Did you earn income from your business that’s located outside of Canada? If you did, you might be able to claim the foreign tax credit. As a Canadian, if you earned foreign business income or paid income tax on this income to a foreign government and reported it on your Canadian tax return, claiming this tax credit prevents you from having to pay full tax to both Canada and another country on that income (provided Canada has a tax treaty with this country).
Keep in mind, to claim this tax credit, you must also have been a resident of Canada on:
- December 31 of the current tax year
- The last day of your residence in Canada (if you stopped living in Canada during the tax year) or
- The date of death if you passed away during the tax year
Generally, the foreign tax credit you can claim for each foreign country is the lower of the following amounts:
- The foreign income tax you actually paid or
- The tax otherwise due in Canada on your net income from that country
- The payment was made to the government of a foreign country or to the government of a state, province or other political subdivision of a foreign country
- It isn’t conditional on the availability of a foreign tax credit in Canada or a deduction for a dividend received from a foreign affiliate and
- It is an income or profits tax
Note: Be sure to keep all your supporting documents in case the Canada Revenue Agency (CRA) or Revenu Québec asks to see them. If you paid foreign income tax in the U.S., attach a copy of your W-2 information slip, your Form 1040 from the Internal Revenue Service, and any other documents supporting your claim.

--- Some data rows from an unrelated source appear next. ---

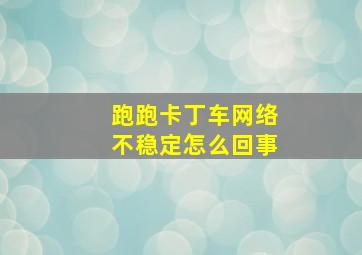 跑跑卡丁车网络不稳定怎么回事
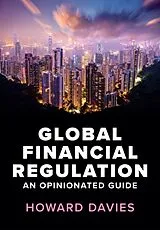 Fester Einband Global Financial Regulation von Howard (LSE) Davies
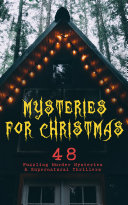 Cover of Mysteries for Christmas: 48 Puzzling Murder Mysteries & Supernatural Thrillers: What the Shepherd Saw, The Ghosts at Grantley, The Mystery of Room Five, ... of Cernogratz, A Terrible Christmas Eve...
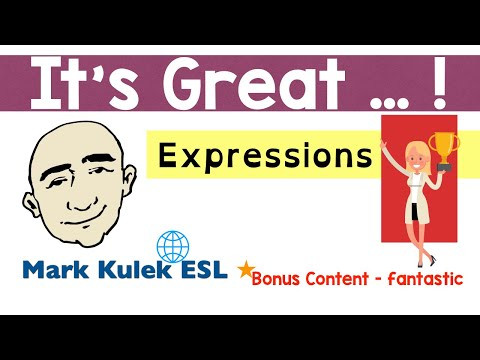Great! (expressions) + fantastic | Mark Kulek - ESL Great! (expressions) + fantastic | Mark Kulek - ESL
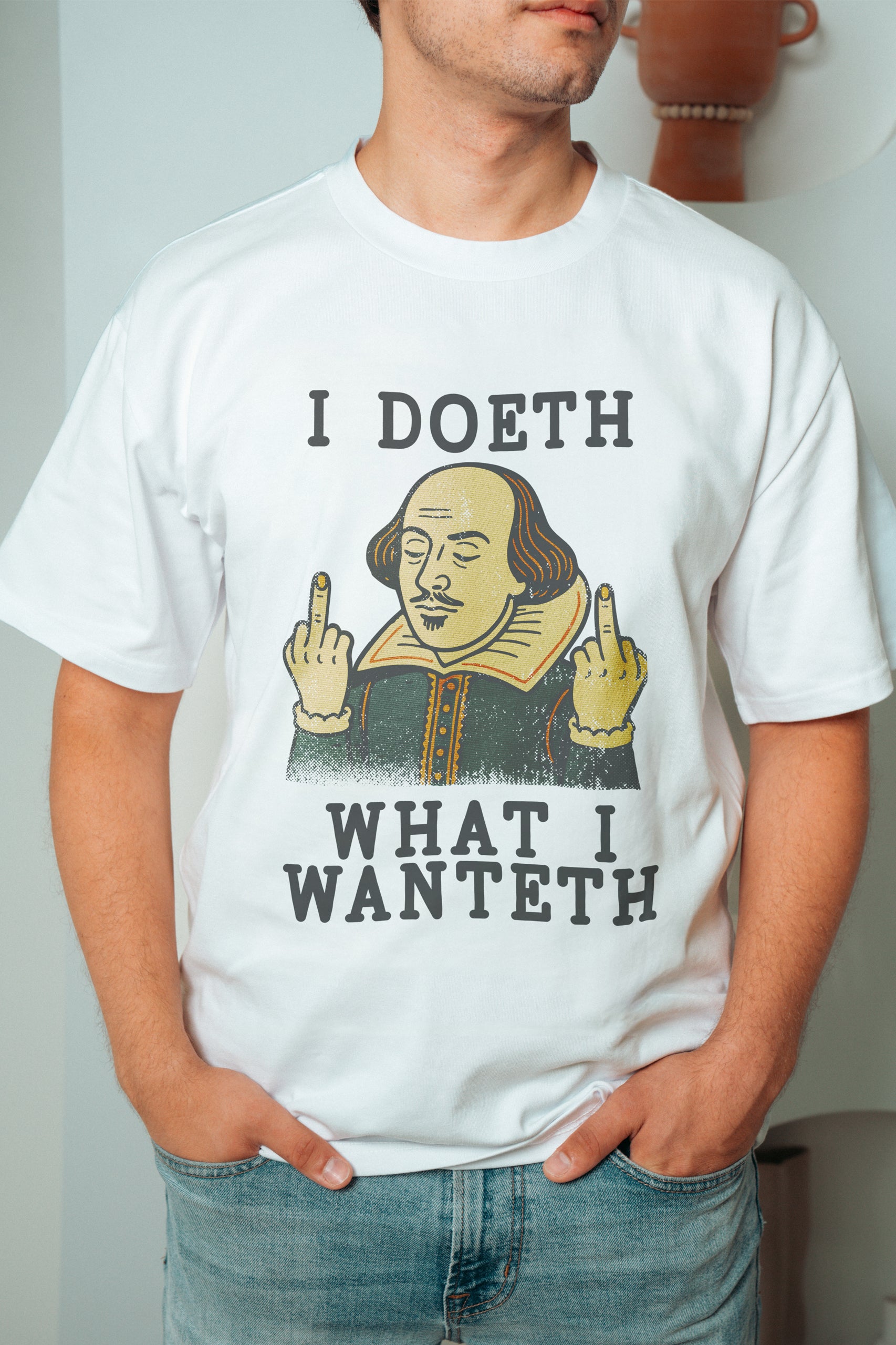 I doeth What I Wanteth Oversized T-Shirt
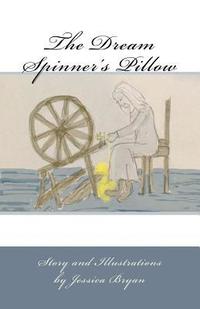 bokomslag The Dream Spinner's Pillow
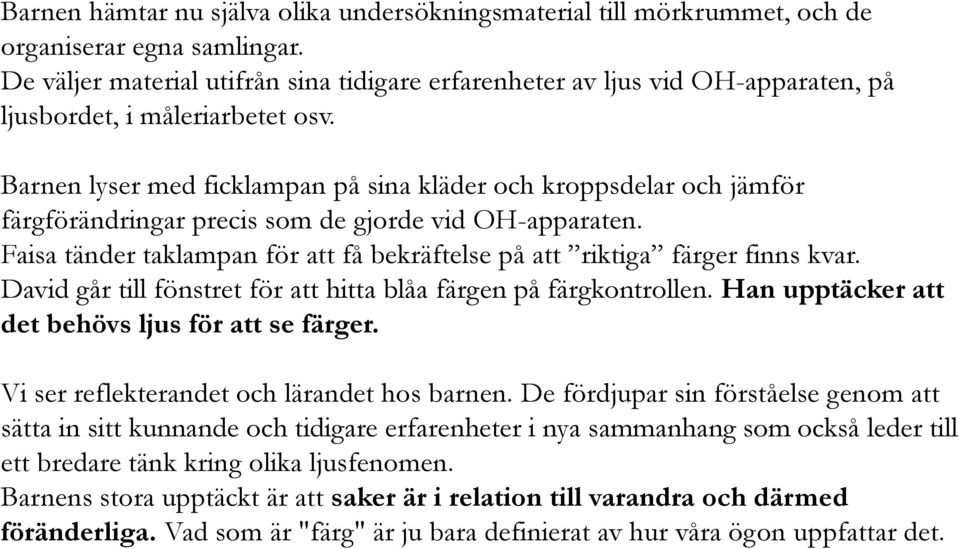 Barnen lyser med ficklampan på sina kläder och kroppsdelar och jämför färgförändringar precis som de gjorde vid OH-apparaten.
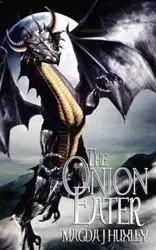 The Onion Eater - Magda J. Huxley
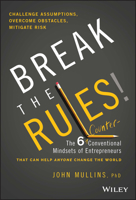 Break the Rules!: The Six Counter-Conventional Mindsets of Entrepreneurs That Can Help Anyone Change the World 1394153015 Book Cover
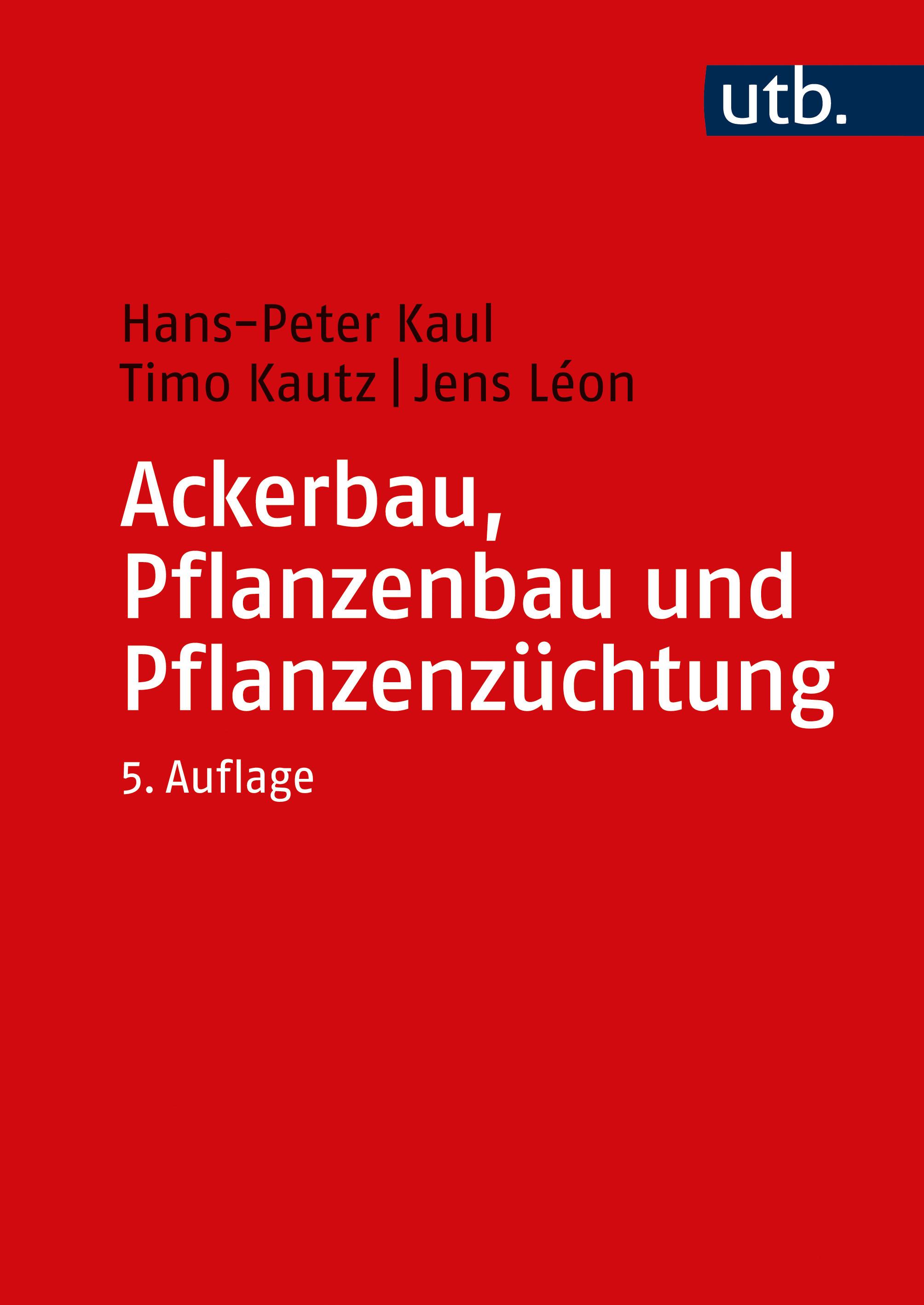 Ackerbau, Pflanzenbau und Pflanzenzüchtung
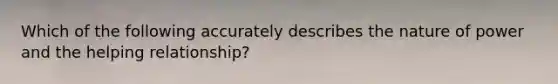 Which of the following accurately describes the nature of power and the helping relationship?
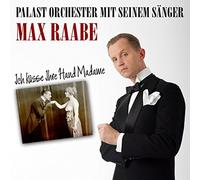 Raabe,Max - Ich Küsse Ihre Hand Madame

Remember to convert both the foreign income you earned and the foreign income tax you paid into Canadian dollars before reporting them on your return. You can use the exchange rate posted by the Bank of Canada that was in effect on the day that you received these amounts.
Is there any foreign business income that’s not eligible for this tax credit?
Yes. Any foreign business income that falls into one of the following categories doesn’t qualify for this tax credit:
- Foreign business income that’s tax-exempt in Québec or in Canada under a tax agreement
- Foreign business income that’s tax-exempt from foreign income tax or
- Foreign business income that’s been allocated to a beneficiary (like a trust)
I have an unused federal foreign tax credit
If you paid tax on foreign business income, the portion of the tax that can’t be deducted as a foreign tax credit might qualify as an unused foreign tax credit. You can carry forward your unused foreign tax credit up to 10 years from the year in which you received your foreign business income, or carry it back 3 years.
To determine the amount of your unused foreign tax credits available for use on your 2016 return, pull out your previous year(s) tax return and use the following formula to calculate the amount:
(Line 12 of form T2209) – (Line 405 on Schedule 1) = Unused foreign tax credit
Example: If on your 2015 return, your federal foreign tax credit (line 12 of form T2209) is $5,000 and the amount that transferred to line 405 on Schedule 1 was $3,000. Using the formula above, your unused federal foreign tax credit for that year is $2,000.
Similarly, if you’re a Québec resident, you can also carry forward your unused foreign tax credit up to 10 years from the year in which you received it or carry it back 3 years. You can find your unused credit amount on line 95 of your TP-772-V form from previous years.
Note: To complete the Foreign business income page, you’ll need to add line 95 from your TP-772-V form for each of the previous 10 years. You’ll also need to tell us how much of this amount you’ve already claimed on your tax returns.
Where do I claim this?
Follow these steps in H&R Block’s tax software to file your 2016 taxes:
- Under the PREPARE tab, click the OTHER icon. You’ll find yourself here:
- Under the FOREIGN TAX CREDITS heading, select the checkbox labelled Foreign business income and click Continue.
- When you reach the Foreign business income page, enter your information in the tax software.